_Exercise instructions:_
Make an exact copy of the records, omitting all images.

::::::::::

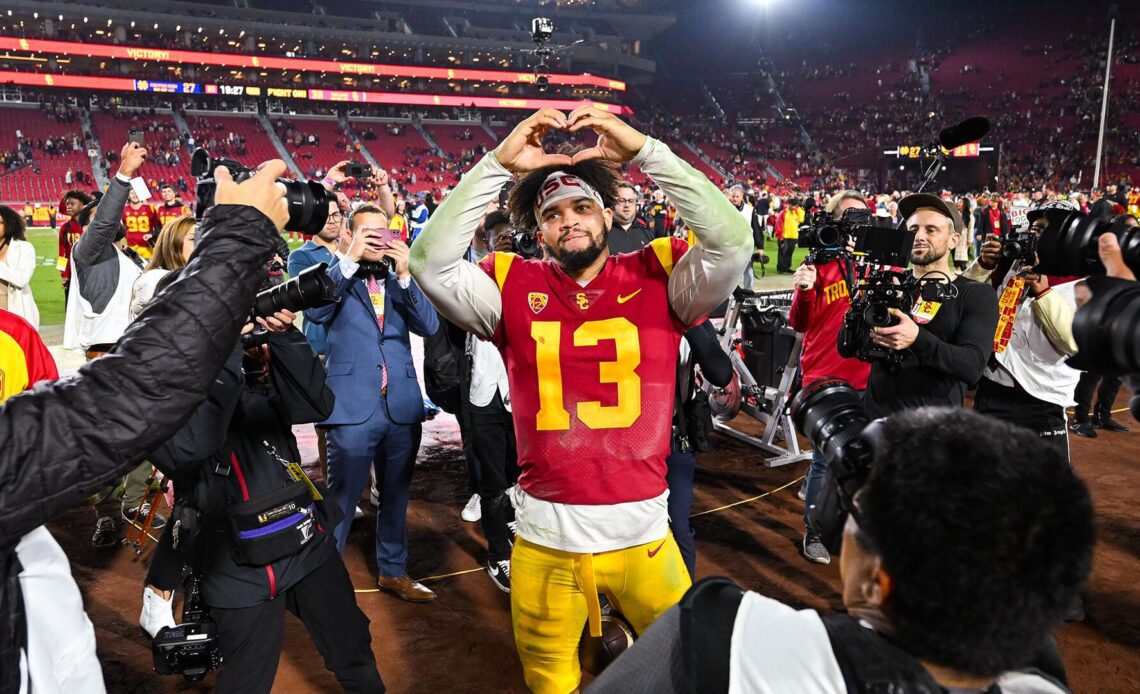 USC Trojans Football quarterback Caleb Williams celebrates with heart gesture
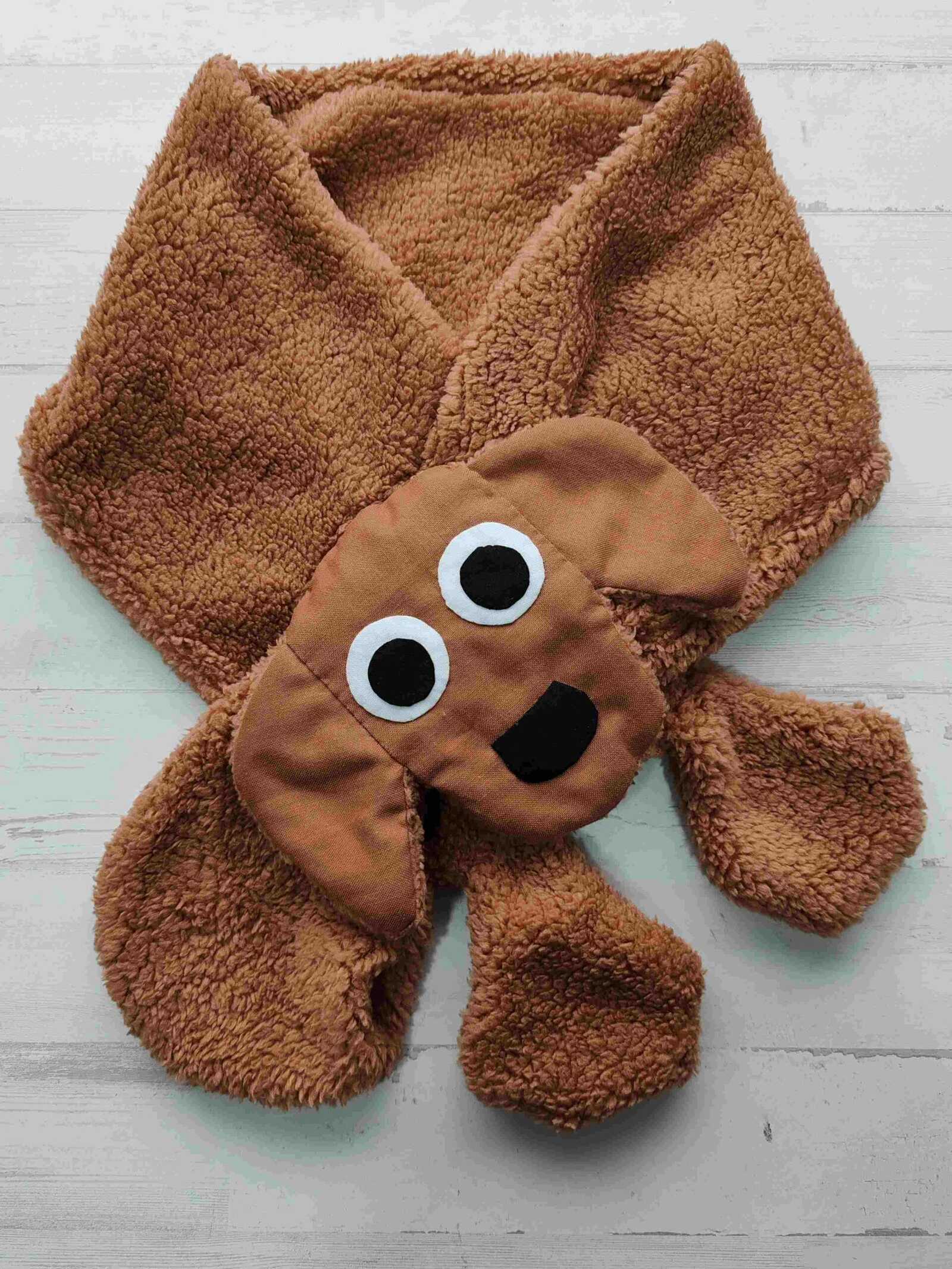 kit para confeccionar bufanda con forma de perro.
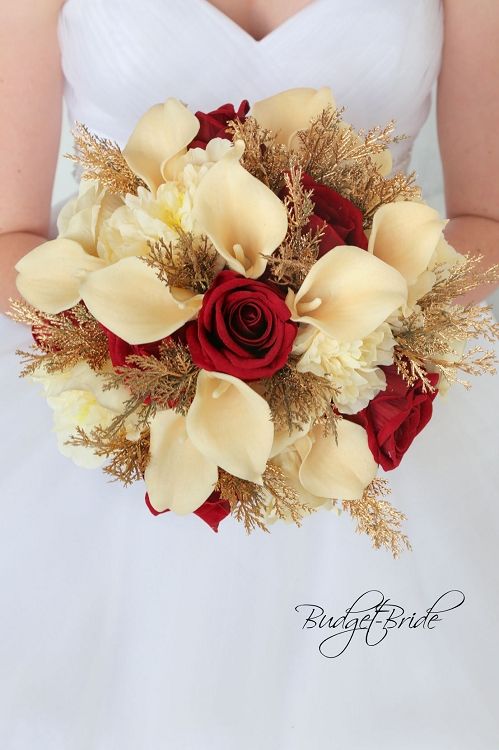 a bridal bouquet with red roses and white orchids is held by a bride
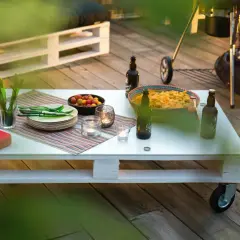 Tavolo fai da te con snack, bevande e candele su un deck di legno, pronto per una grigliata.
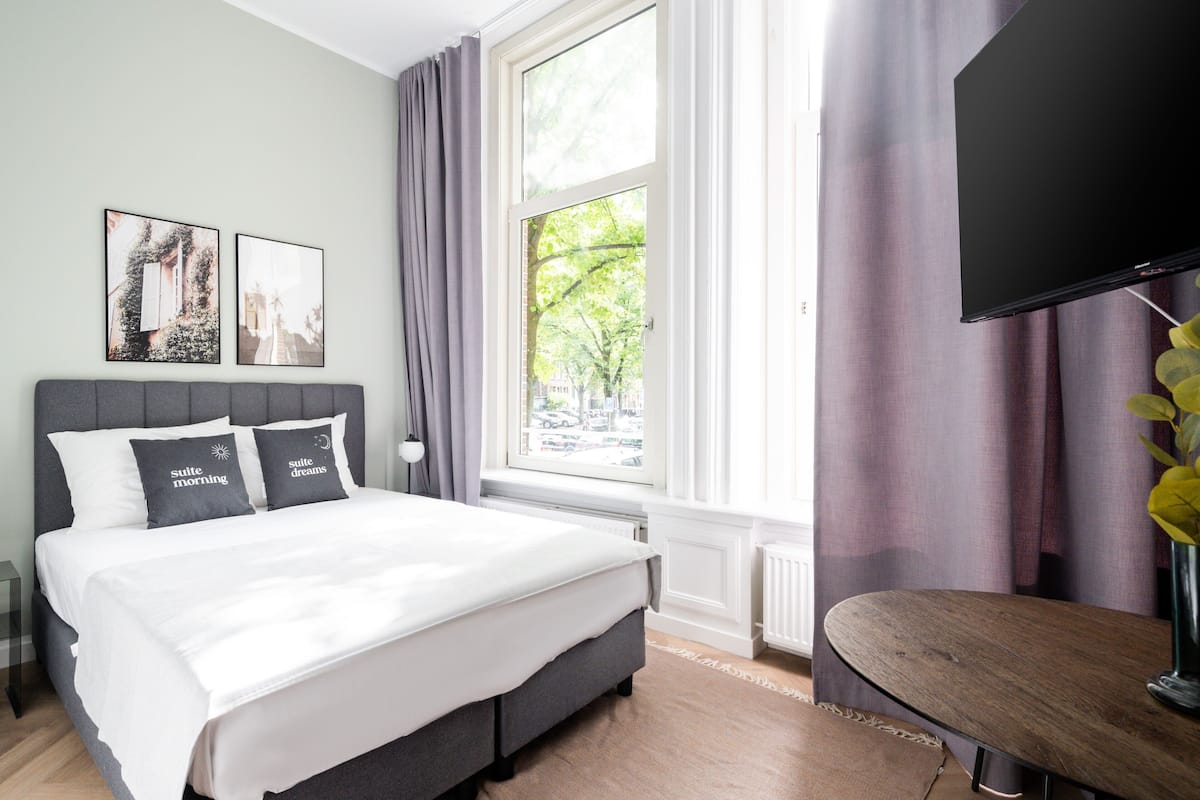 Ein modernes Hotelzimmer mit einem großen Bett, einem Flachbildfernseher, einem Fenster mit Vorhängen und einem Kunstwerk an der Wand.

::::::::::

_Exercise result:_
 USC Trojans Football quarterback Caleb Williams celebrates with heart gesture
 kit para confeccionar bufanda con forma de perro.
 a bridal bouquet with red roses and white orchids is held by a bride
 Tavolo fai da te con snack, bevande e candele su un deck di legno, pronto per una grigliata.
 Ein modernes Hotelzimmer mit einem großen Bett, einem Flachbildfernseher, einem Fenster mit Vorhängen und einem Kunstwerk an der Wand.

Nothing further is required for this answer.